Using function pointers:
In this approach, I maintain a static table of function pointers, with each entry pointing to the appropriate function to handle a specific type. This is somewhat akin to a C++-style virtual table (vtable), where each supported type maps to its corresponding read function.
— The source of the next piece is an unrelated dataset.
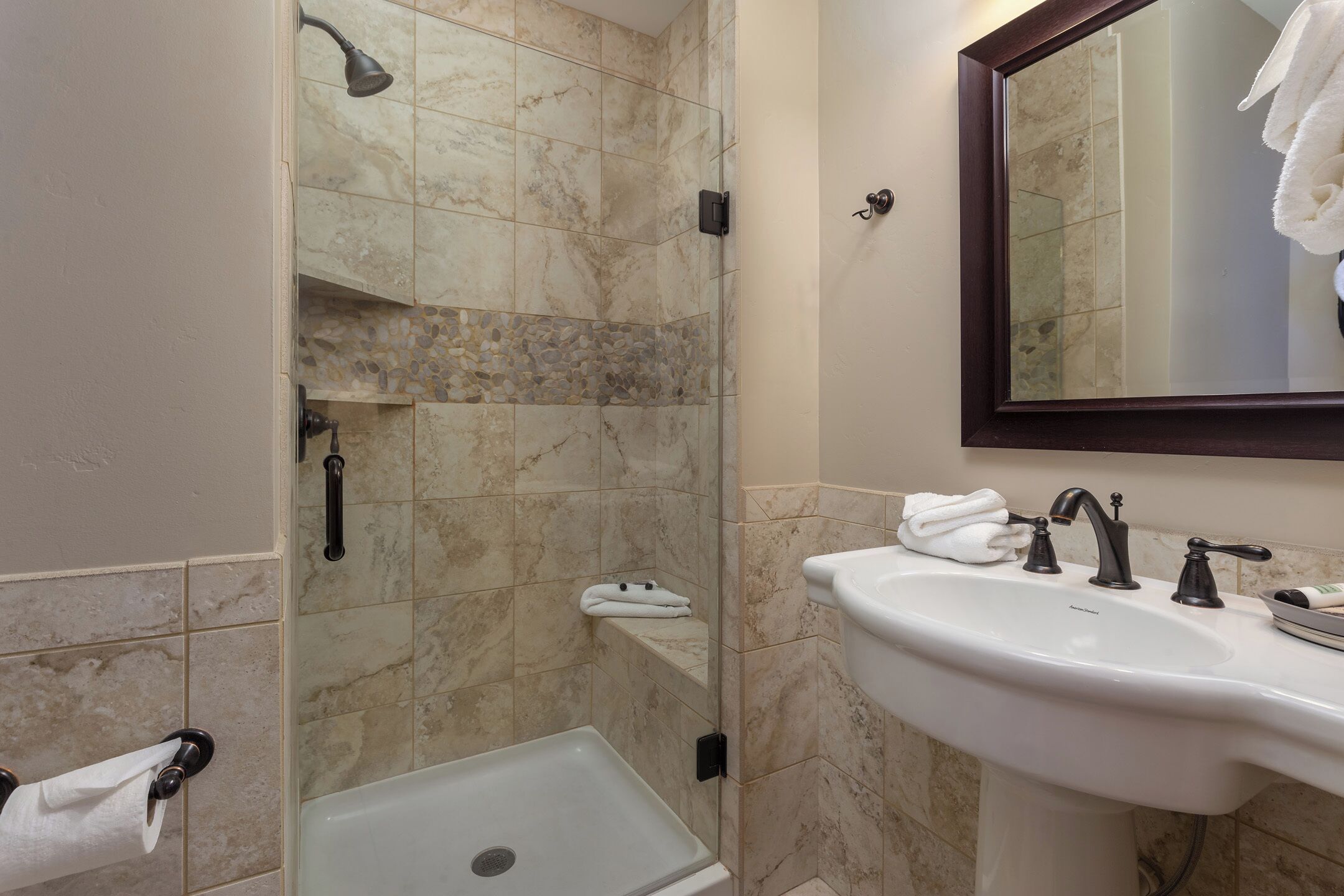 A bathroom with a shower, a sink, and a mirror.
I was curious to compare the performance of this approach with the switch-case approach.

C Implementation and Results

Below is my attempt at implementing this in C:

#include <stdio.h>
#include <stdlib.h>
#include <math.h>
#include <time.h>

#define NUM_TYPES 70
#define ARRAY_SIZE 70
#define NUM_ITERATIONS 100000

// Define 70 unique vector types
#define DEFINE_VEC_TYPE(N) \
    typedef struct {       \
        float data[N];     \
    } vec_##N;

#define TEST_VEC_TYPES(f) \
    f(1) f(2) f(3) f(4) f(5) f(6) f(7) f(8) f(9) f(10) \
    f(11) f(12) f(13) f(14) f(15) f(16) f(17) f(18) f(19) f(20) \
    f(21) f(22) f(23) f(24) f(25) f(26) f(27) f(28) f(29) f(30) \
    f(31) f(32) f(33) f(34) f(35) f(36) f(37) f(38) f(39) f(40) \
    f(41) f(42) f(43) f(44) f(45) f(46) f(47) f(48) f(49) f(50) \
    f(51) f(52) f(53) f(54) f(55) f(56) f(57) f(58) f(59) f(60) \
    f(61) f(62) f(63) f(64) f(65) f(66) f(67) f(68) f(69) f(70)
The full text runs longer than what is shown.